Wednesday, 19 December 2012

Are all equities a good inflation hedge? By Marc Lerner


Are all equities a good inflation hedge?

Zero Hedge has reposted a UBS report entitled ‘Are equities a good inflation hedge?’ The report
investigates this question through a study of historical data of equity performance in various inflationary and deflationary price environments, and concludes:

Indeed, they [equities] provide an appropriate hedge to rising inflation only in a limited number of cases.

1. The trade has to be entered at a low level of inflation. If the trade is started above 4%, the
valuation loss due to declining P/E will dominate and make equities underperform.

2. If inflation increases only moderately. High-single-digit inflation would make the equity valuation
loss dominate other effects.

3. If the investor assumes that inflation will not decline. In that case, the trade would also generate
sub-inflation returns. So an equity hedge comes with increased portfolio risk in cases of deflation.

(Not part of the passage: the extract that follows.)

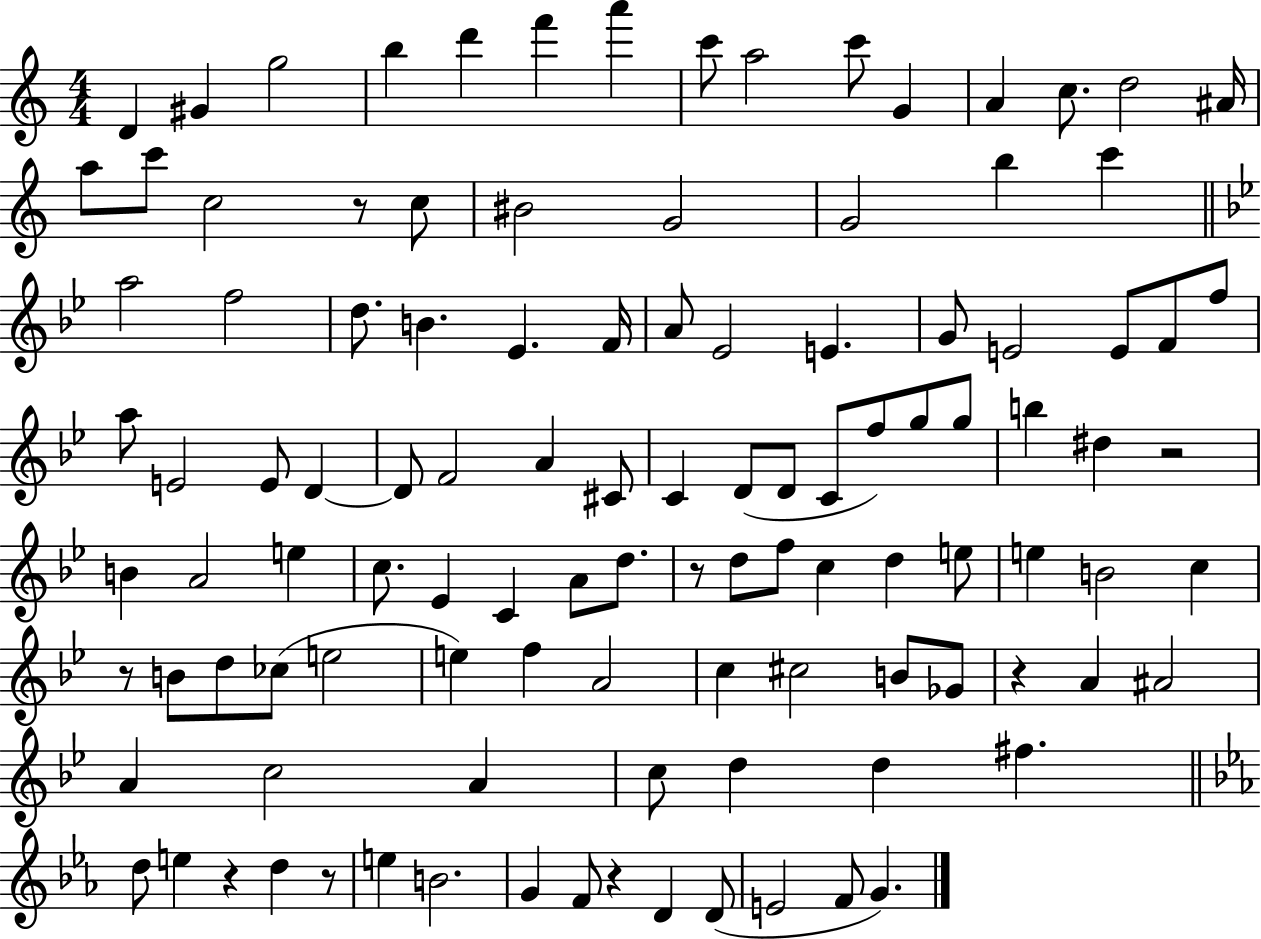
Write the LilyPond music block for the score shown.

The main problem with the report’s approach in reaching these conclusions is that it does not attempt at all to focus on the effects price inflation – a sustained, general increase in prices - may have on individual businesses and their earnings. Whilst it does pose some interesting arguments on a macroeconomic level – for example, that higher inflation may lead to higher volatility and hence higher discount rates being applied to cash flows – and provide empirical data to support them, it only in passing mentions that “some price distortions can obviously affect corporate margins”, instead simply presenting the aggregate returns of stocks in general under inflationary and deflationary environments, as if all equities were homogenous. The report can’t see the trees for the forest. But if you are interested in the performance of specific companies in an inflationary environment, rather than a broad equity portfolio such as an index fund, this effect on margins is precisely the crucial issue, and well worth investigating further.

In the near term, the most likely source of price inflation is money printing from central banks, rather
than some other source, such as a supply shock. The effects of such monetary expansion are never even – prices will rise first wherever the new money enters the economy (relative to what they otherwise would have been – a relative price ‘increase’ can still be, in absolute terms, a decrease). If it is used to purchase government bonds, wherever the government spends the money will experience rising prices, if mortgage backed securities are purchased then rising house prices will result. By unevenly distributing the price increases in this manner, money printing can allow the early recipients of the money to benefit at the expense of the latter ones – by the time the money filters through to them, their costs have already increased correspondingly. Therefore, if it can be determined that a company’s output will be purchased directly by the new money flows before they spread through the economy to affect its costs, aggressive margin expansion and high returns to shareholders are likely to be the outcome. Finding such companies, however, is essentially a political question and hence a difficult one to answer accurately, unless you happen to be friends with Ben Bernanke.

More broadly, as the money does move through the economy and affect consumer prices as well as costs, the crucial question becomes whether or not a business can raise its prices to offset, and perhaps even outpace, the increase in its costs. The extent to which different businesses’ costs are affected depends, again, on the way the new money moves through the economy, and will differ in each case. For consumer businesses in particular, however, the question of whether prices can be raised to an appropriate degree takes on an especially interesting psychological dimension – will consumers be willing to pay higher prices? One consideration could be the extent to which the specific business’s customers themselves are in a position to benefit from the increased money flows earlier rather than later – if the business is one that caters to a particular, easily identifiable demographic. Another argument could be made, however, that the absolute value of the price increase is of importance – a 10% increase in the price of a Coke, for example, may not seem like much to most people in terms of the extra amount they have to pay, and hence not affect Coca-Cola’s ability to raise prices in tandem with inflation, whereas a 10% increase in the price of a house or a car could be seen as a serious cost-of-living increase, and hence such purchases may be delayed or cancelled until prices stabilize or fall.